- [PROBLEM DESCRIPTION]: Please retype the entries that follow exactly as they are, leaving the images behind.

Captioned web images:
⟨

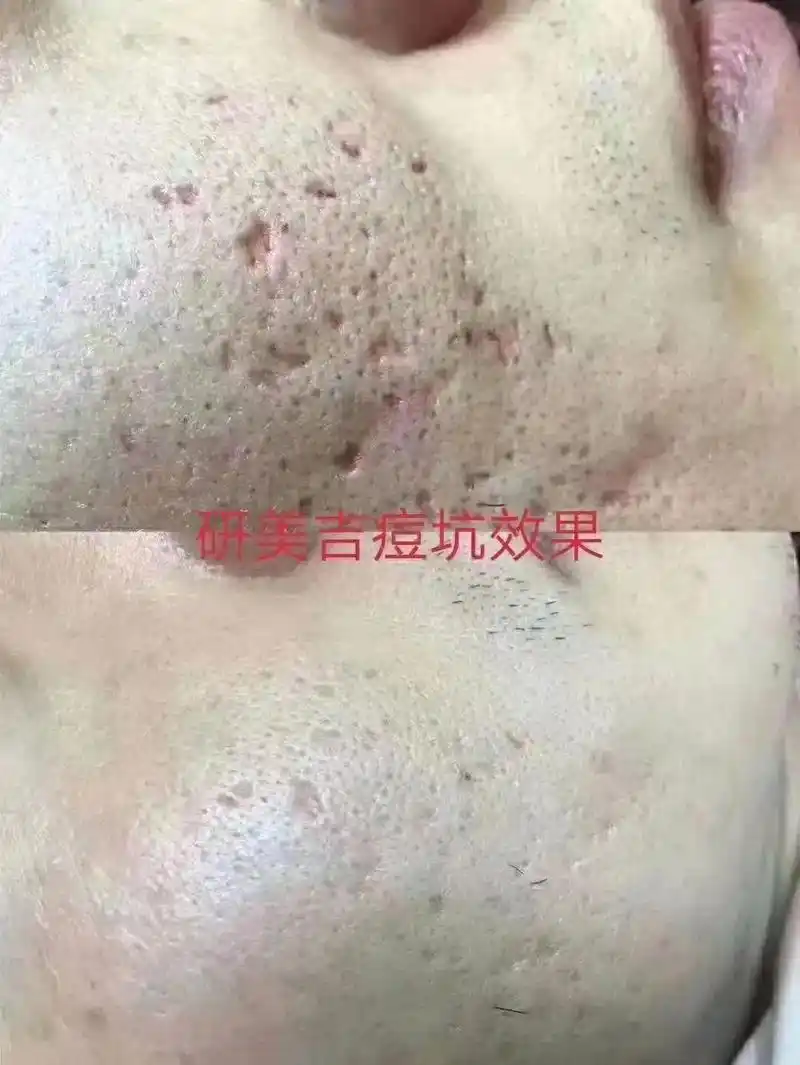 痘坑修复案例#同城好店推荐 #解决任何皮肤问题 #好产品一起 - 抖音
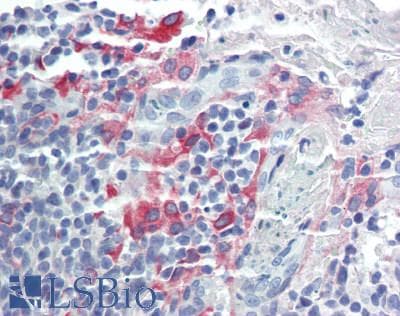 IHC-plus™ DHRS9 Antibody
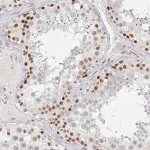 Merck Anti-RCOR1 antibody produced in rabbit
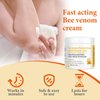 Zealand Bee Venom Professional Serum Treat, Joint & Muscle & Bone Gel - Easy to Use Fast Acting Soothing Effective Help for Back, Neck, Hand, Foot, Knee, Muscle, Shoulder, Hip, Nerves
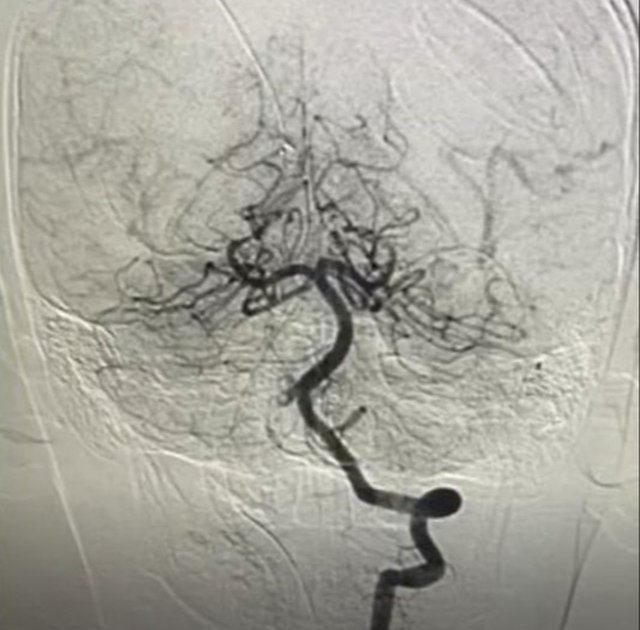 Hình ảnh chụp mạch máu xóa nền DSA. Ảnh: BVCC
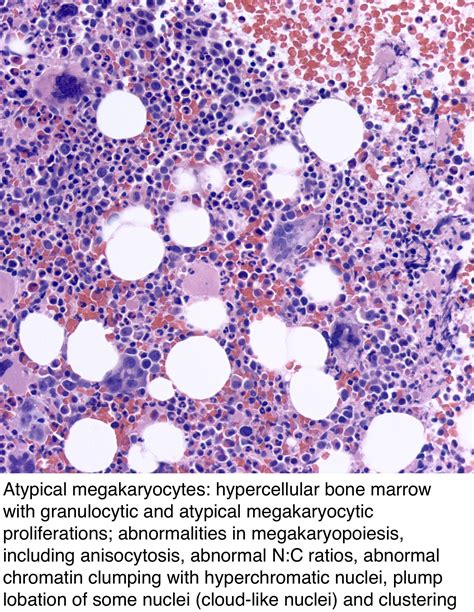 Pathology Outlines Primary Myelofibrosis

⟩

- [REPLY]:
 痘坑修复案例#同城好店推荐 #解决任何皮肤问题 #好产品一起 - 抖音
 IHC-plus™ DHRS9 Antibody
 Merck Anti-RCOR1 antibody produced in rabbit
 Zealand Bee Venom Professional Serum Treat, Joint & Muscle & Bone Gel - Easy to Use Fast Acting Soothing Effective Help for Back, Neck, Hand, Foot, Knee, Muscle, Shoulder, Hip, Nerves
 Hình ảnh chụp mạch máu xóa nền DSA. Ảnh: BVCC
 Pathology Outlines Primary Myelofibrosis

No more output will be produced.